Karena itu suatu yang sebenarnya sangat keliru bila ada yang mengklaim sebagai ‘rasionalist’ tapi selalu menyertakan syarat bukti fisik,karena sebenarnya bila harus jujur kepada akal maka seluruh pemikir diseluruh dunia seharusnya bersepakat dengan prinsip ini : bahwa bagi akal pada dasar nya yang benar itu bukan yang terlihat mata tapi yang bisa difahami oleh cara berfikir logika akal.artinya kita harus memilah dengan jelas dan tegas antara prinsip rasional yang orientasi pada cara berfikir murni akal dengan prinsip empiris yang orientasi pada bukti fisik,sehingga tidak tumpang tindih sebagaimana terjadi dalam filsafat dan sains,sebab bila tidak kita luruskan maka akan teramat banyak deskripsi agama yang divonis sebagai ‘irrasional’ hanya karena dianggap tidak bisa menyertakan bukti empiric yang langsung,dan kasus demikian menjadi bukti nyata adanya kerancuan pemahaman antara prinsip rasionalistik dengan prinsip empiristik.

Dan ketiga kita harus membersihkan ilmu logika dan istilah ‘rasional’ itu dari ekspansi pemikiran bebas negative manusia jangan sampai hal hal yang sebenarnya lebih merupakan bentuk khayal dan pemikiran negative tapi di klaim sebagai ‘rasional’ hanya karena dianggap berasal dari pemikir besar.ambil contoh pernyataan yang berasal dari seorang Descartes : ‘aku berfikir karena itu ada’ sering dianggap orang sebagai salah satu bentuk pernyataan ‘rasional’ padahal sebenarnya itu hanya sebuah bentuk pemikiran spekulatif yang dijadikan ‘filosofi’ tersendiri oleh sang pemikir dalam melihat keberadaan dirinya. sebab bila kita bedah pernyataan itu dengan mekanisme ilmu logika maka kita harus tunduk pada kenyataan bahwa secara logika ‘ada’nya seseorang atau sesuatu itu tidaklah  bergantung pada disadari atau tidaknya keberadaan nya  itu baik oleh dirinya maupun oleh orang lain,sama dengan seorang bayi itu harus disebut ‘ada’ walau ia tidak menyadari dirinya ada,atau seorang yang tengah tertidur tak bisa dikatakan ‘tidak ada’ hanya karena ia tidak menyadari dirinya ada,atau sama dengan planet itu sejak dulu ‘ada’ walau keberadaannya belum diketahui manusia.jadi sangat tidak logis kalau unsur manusia atau kesadaran manusiawi menjadi tolok ukur yang menentukan ada atau tidak adanya sesuatu.

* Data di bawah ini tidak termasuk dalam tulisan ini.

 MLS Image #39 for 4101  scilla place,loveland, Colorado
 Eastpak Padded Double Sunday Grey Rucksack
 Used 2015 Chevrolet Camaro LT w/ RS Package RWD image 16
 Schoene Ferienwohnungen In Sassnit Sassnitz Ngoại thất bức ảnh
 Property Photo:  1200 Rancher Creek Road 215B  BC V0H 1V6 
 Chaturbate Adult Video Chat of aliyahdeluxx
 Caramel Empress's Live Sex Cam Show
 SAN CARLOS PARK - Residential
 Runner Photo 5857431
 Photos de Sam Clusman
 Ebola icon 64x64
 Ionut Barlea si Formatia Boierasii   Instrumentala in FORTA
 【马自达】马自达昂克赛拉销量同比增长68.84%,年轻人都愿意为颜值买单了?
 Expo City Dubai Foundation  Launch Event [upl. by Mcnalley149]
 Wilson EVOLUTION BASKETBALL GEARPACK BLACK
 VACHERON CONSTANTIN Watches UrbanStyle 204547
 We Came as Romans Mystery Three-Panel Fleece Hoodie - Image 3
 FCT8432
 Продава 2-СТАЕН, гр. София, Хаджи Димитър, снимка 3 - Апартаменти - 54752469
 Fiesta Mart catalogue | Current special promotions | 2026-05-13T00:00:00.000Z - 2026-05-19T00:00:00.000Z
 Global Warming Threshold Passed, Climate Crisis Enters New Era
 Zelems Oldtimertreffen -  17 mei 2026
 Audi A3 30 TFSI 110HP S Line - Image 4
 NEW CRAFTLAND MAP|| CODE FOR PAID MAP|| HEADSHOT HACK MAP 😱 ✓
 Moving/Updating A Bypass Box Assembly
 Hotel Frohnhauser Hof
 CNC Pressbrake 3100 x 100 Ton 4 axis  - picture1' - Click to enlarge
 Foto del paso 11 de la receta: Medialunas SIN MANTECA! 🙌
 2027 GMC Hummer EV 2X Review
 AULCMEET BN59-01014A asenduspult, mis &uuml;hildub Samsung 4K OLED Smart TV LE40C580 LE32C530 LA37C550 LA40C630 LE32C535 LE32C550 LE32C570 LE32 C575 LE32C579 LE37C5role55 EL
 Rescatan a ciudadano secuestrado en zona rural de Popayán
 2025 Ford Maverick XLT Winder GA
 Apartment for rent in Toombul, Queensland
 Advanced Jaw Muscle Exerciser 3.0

Dan banyak pernyataan para pemikir besar yang bila ditela’ah sebenarnya hanya bentuk pemikiran bebas spekulatif semata tapi sering dianggap sebagai suatu yang ‘rasional’ hanya karena berasal dari filosof tertentu atau karena berasal dari wacana filsafat. sehingga secara umum filsafat atau pemikiran yang datang dari para filosof sering di definisikan orang sebagai ‘pemikiran rasional’ suatu yang sebenarnya salah besar dan bisa menyesatkan sebab yang datang dari filsafat itu selalu sesuatu yang senantiasa bersifat relative : ada yang rasional - ada yang tidak,sebagaimana juga ada yang benar dan ada juga yang salah,dan karena itu tak bisa dikultuskan sebagai ‘selalu rasional’ apalagi dikultuskan sebagai ‘selalu benar’.

Karena itu kita harus merekonstruksikan apa itu ilmu logika se konstruksif mungkin agar tak ada jalan bagi teori atau pemikiran bebas atau isme tertentu yang sebenarnya bila dikaji dengan prinsip ilmu logika bertentangan dengan konsep dasar logika tapi sering mengatas namakan sebagai suatu yang ‘logis’ atau ‘bersesuaian dengan rasio’.ambil contoh : faham atheisme sering beranggapan bahwa pandangan mereka berlandaskan kepada prinsip ‘rasional’ tapi coba kaji pandangan pandangan dasar atheisme maka akan kita temukan bahwa cara berfikir faham ini pada dasarnya sangat bertentangan dengan cara berfikir logika akal.contoh : ketidak percayaan pada adanya Tuhan itu sama sekali bukan keputusan rasio karena itu sama dengan beranggapan bahwa segala keteraturan bisa berasal dari kebetulan,padahal menurut logika akal tak akan pernah ada kebetulan yang bisa melahirkan keserba teraturan bahkan bila seluruh ilmuwan melakukan uji coba atas prinsip demikian. keteraturan secara logika hanya bisa berasal dari adanya maha pengatur yang menurut logika hanya harus satu sebab bila lebih maka akan ada pertentangan diantara dua atau lebih pengatur.itulah deskripsi rasional atas keharusan adanya Tuhan yang harus satu.dan terlalu banyak pemikir besar yang berhasil mengkonsepsikan kebenaran agama dengan rasio tapi sebagian manusia malah tetap beranggapan agama sebagai bertentangan dengan rasio apa sebab (?) sebab dasarnya sebenarnya hanya satu yaitu adanya sudut pandang materialist dalam diri manusia.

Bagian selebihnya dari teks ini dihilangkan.